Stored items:

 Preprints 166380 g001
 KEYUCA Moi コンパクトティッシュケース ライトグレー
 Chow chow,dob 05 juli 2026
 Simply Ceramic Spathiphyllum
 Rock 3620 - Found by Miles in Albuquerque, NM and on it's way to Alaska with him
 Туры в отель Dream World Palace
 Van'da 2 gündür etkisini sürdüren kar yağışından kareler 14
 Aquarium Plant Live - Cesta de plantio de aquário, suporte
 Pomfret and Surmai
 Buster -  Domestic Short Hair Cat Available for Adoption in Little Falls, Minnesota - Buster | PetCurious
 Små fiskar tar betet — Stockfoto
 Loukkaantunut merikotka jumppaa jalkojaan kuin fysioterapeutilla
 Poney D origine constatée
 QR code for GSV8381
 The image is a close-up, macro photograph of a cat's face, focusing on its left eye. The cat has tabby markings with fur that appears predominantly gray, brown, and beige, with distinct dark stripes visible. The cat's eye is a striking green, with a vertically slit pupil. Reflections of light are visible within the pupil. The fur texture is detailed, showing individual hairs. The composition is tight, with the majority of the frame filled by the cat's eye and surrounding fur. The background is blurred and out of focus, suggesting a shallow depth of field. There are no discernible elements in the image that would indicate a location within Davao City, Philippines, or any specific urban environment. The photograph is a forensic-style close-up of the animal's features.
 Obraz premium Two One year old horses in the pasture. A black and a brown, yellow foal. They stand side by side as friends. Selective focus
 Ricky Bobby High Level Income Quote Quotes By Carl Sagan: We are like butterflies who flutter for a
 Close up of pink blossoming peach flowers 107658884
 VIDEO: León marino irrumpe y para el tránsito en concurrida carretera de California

* [Task description]:
A word-for-word copy of the entries, from the first line through the line containing "Туры в отель Dream World Palace", is the whole answer.

* [Expected answer]:
 Preprints 166380 g001
 KEYUCA Moi コンパクトティッシュケース ライトグレー
 Chow chow,dob 05 juli 2026
 Simply Ceramic Spathiphyllum
 Rock 3620 - Found by Miles in Albuquerque, NM and on it's way to Alaska with him
 Туры в отель Dream World Palace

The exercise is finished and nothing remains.